Hedge funds and insurers have reported declines in their subprime investments after adjusting their value to reflect the falls, a process known as marking to market.

As investors balked at buying loans and bonds, banks were forced to take on at least $32 billion of debt. In mid-June, Bear Stearns Cos. hedge funds posted losses and later collapsed.

Blackstone Group LP stepped in to advise Sydney-based Basis Capital Fund Management Ltd. and Absolute Capital Group Ltd., partly owned by ABN Amro Holding NV, froze investor accounts.

Last week, a Citigroup report indicated that government sponsored enterprises FNMA & FHLMC may have initial quarterly losses of $4.7 Billion on CDO RMBS derivatives tied to sub prime.

HSBC Holdings Europe's largest bank, said first-half profit rose 25%, despite rising costs from bad mortgage loans in the U.S. Bad loan provisions rising 64% to $6.4 Billion.

Matt Howlett, an analyst at Fox-Pitt Kelton Inc: "It's clear now we're in a liquidity crisis. Any loans that aren't pure prime are falling in value." Speaking of Alt-A or prime loans...

The consumer "revolving credit" end of this is starting to rear its ugly head.

Motor homes, motorcycles, boats, cars and all variety of luxury "toys" are being hocked or repo-ed in an effort to keep the roof over one's head.

The 20th largest ALT-A lender American Home Mortgage said it wrotedown assets, delayed a divident and that Wall Street firms and lenders are demanding more collateral.

Adding concern that bad loans in the U.S. have spread beyond subprime borrowers who have the worst credit records.

On July 24th, Countrywide Financial, the largest U.S. mortgage lender, said delinquencies are spreading to more borrowers with good credit histories.

Countrywide attributed a big drop in profits to a spike in delinquencies among prime borrowers of "second-lien loans," including home equity loans and home equity lines of credit.

The subprime mortgage meltdown has begun to spread to prime-rate loans as even credit-worthy borrowers have started to fall behind on payments.

In the past, mortgage delinquencies were tied to personal problems or basic economic reversals, such as a job loss. Today, many delinquencies can be traced to unaffordably high home prices.

Unable to afford their own homes, [borrowers] turned to increasingly risky mortgage products. Many of them piggybacked on a first mortgage lien.

Some home buyers, caught up in red-hot markets and afraid of getting locked out of homeownership forever, overpaid for houses.

As long as prices escalated, they were able to tap the added equity in their properties to cover debts.

But now as home prices are falling, putting loan to value ratios underwater, lenders are cutting back on second-lien loans.

Unlike the Fed & "Overpaid Executive Liars Club" which are both out to manage expectations.... the Nattering One muses.

Since late May HGX (housing) -23%; XLF (financials) 13.5%, RTH (retailers) -7%, in the last week DJTA (transports) -9.6%; global markets -5 to 6%.

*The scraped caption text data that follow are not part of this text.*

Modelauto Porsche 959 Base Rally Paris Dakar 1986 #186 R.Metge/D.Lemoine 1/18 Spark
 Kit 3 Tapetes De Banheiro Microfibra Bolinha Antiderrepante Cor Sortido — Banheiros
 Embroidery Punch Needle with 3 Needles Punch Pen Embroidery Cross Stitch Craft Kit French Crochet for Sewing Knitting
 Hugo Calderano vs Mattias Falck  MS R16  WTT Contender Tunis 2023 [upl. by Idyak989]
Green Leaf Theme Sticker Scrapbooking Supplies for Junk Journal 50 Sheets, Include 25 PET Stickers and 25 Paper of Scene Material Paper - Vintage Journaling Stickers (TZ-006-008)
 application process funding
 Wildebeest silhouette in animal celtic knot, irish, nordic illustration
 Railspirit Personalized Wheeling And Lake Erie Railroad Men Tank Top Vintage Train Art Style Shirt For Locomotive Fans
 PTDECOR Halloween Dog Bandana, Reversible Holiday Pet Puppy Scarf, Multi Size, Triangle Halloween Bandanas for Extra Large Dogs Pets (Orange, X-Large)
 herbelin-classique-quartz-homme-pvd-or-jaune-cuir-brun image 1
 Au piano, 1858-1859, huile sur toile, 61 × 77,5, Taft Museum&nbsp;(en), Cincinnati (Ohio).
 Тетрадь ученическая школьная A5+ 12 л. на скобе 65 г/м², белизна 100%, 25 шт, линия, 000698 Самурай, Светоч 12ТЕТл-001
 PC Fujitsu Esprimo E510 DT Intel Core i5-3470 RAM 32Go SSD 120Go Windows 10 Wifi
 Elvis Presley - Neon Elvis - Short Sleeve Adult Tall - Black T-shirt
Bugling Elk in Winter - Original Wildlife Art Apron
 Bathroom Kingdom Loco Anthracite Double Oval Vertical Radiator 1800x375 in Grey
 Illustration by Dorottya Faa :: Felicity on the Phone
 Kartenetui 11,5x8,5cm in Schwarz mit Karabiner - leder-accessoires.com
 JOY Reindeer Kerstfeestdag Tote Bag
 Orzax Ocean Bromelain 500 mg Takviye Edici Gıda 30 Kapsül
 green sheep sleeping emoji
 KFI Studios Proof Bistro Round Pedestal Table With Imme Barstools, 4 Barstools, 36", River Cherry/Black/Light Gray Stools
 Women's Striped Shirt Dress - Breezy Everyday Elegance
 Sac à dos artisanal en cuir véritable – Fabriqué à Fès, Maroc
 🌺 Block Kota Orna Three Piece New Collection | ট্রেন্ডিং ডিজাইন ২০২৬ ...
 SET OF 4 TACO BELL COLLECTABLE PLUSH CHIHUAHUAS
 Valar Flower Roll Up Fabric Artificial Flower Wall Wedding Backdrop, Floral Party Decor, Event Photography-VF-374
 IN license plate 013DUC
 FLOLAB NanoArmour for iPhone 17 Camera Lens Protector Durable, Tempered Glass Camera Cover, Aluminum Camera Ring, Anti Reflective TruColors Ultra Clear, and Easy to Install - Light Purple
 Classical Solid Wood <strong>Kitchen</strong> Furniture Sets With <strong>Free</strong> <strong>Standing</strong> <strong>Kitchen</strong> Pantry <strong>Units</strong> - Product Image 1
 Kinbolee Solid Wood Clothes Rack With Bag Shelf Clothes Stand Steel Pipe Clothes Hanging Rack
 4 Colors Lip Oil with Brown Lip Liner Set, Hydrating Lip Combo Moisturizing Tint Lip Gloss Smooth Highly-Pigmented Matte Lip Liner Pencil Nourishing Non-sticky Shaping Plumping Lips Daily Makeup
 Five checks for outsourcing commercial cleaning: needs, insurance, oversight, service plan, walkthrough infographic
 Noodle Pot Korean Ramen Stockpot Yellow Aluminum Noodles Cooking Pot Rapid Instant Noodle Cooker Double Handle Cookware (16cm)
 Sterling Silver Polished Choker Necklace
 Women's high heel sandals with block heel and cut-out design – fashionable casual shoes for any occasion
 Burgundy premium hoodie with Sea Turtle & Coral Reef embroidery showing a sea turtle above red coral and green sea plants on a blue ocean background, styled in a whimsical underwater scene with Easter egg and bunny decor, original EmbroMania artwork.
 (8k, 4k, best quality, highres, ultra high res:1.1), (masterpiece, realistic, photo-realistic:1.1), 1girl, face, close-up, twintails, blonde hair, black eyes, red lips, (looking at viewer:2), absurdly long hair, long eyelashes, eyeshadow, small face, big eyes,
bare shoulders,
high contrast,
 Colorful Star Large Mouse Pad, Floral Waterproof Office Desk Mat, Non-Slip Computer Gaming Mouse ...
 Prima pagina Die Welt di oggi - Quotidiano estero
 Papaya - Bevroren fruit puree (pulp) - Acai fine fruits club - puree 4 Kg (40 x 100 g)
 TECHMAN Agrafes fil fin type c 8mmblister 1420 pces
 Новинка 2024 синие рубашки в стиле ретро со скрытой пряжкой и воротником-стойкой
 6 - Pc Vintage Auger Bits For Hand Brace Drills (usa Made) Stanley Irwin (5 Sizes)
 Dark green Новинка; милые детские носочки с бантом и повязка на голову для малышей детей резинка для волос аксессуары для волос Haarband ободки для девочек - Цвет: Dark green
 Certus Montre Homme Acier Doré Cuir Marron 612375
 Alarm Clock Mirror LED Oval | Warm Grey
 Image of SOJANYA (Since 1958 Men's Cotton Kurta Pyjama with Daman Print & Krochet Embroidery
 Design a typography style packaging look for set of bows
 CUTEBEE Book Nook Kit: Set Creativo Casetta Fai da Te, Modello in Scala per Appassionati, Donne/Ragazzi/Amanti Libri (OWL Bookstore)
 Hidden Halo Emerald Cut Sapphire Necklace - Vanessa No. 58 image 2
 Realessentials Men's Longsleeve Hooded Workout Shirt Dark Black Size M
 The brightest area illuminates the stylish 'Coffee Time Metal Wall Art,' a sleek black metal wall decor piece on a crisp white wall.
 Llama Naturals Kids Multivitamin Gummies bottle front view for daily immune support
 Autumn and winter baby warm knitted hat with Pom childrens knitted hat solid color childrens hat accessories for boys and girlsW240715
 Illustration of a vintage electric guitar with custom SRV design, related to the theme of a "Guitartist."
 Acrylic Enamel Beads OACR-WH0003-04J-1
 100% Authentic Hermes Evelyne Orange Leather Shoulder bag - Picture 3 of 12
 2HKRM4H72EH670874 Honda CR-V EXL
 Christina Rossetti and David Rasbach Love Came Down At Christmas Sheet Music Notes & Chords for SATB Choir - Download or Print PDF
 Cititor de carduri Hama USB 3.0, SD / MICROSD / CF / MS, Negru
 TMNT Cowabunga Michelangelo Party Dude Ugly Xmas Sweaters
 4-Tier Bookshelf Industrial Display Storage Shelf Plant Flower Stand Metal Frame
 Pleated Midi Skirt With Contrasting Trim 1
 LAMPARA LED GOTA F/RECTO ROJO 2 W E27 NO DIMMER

Most disturbing of all and to be found filed under MBS for mortgage bleed and spillover...

the ACBQ
America's Community Bankers Index which tracks exactly what the name implies. Since late May -12%, since late Dec -19%.

Too many low-no down fixed & ARM loans with suspect underwriting, stated income and bogus appraisals will all combine to continue the spill over or bleed of sub prime "slime" into Alt-A and Prime.

And the quality of debt in this market is ALL suspect due to a blatant conflict of interest on the part of the ratings agencies and Wall Street brokers who have collected their fees.

This little party will really get started in earnest when supposed prime and "AAA" debt starts failing.

And that day is not far off as this market has been tiptoeing through "the tulips" and is about to stumble into a very nasty mine field.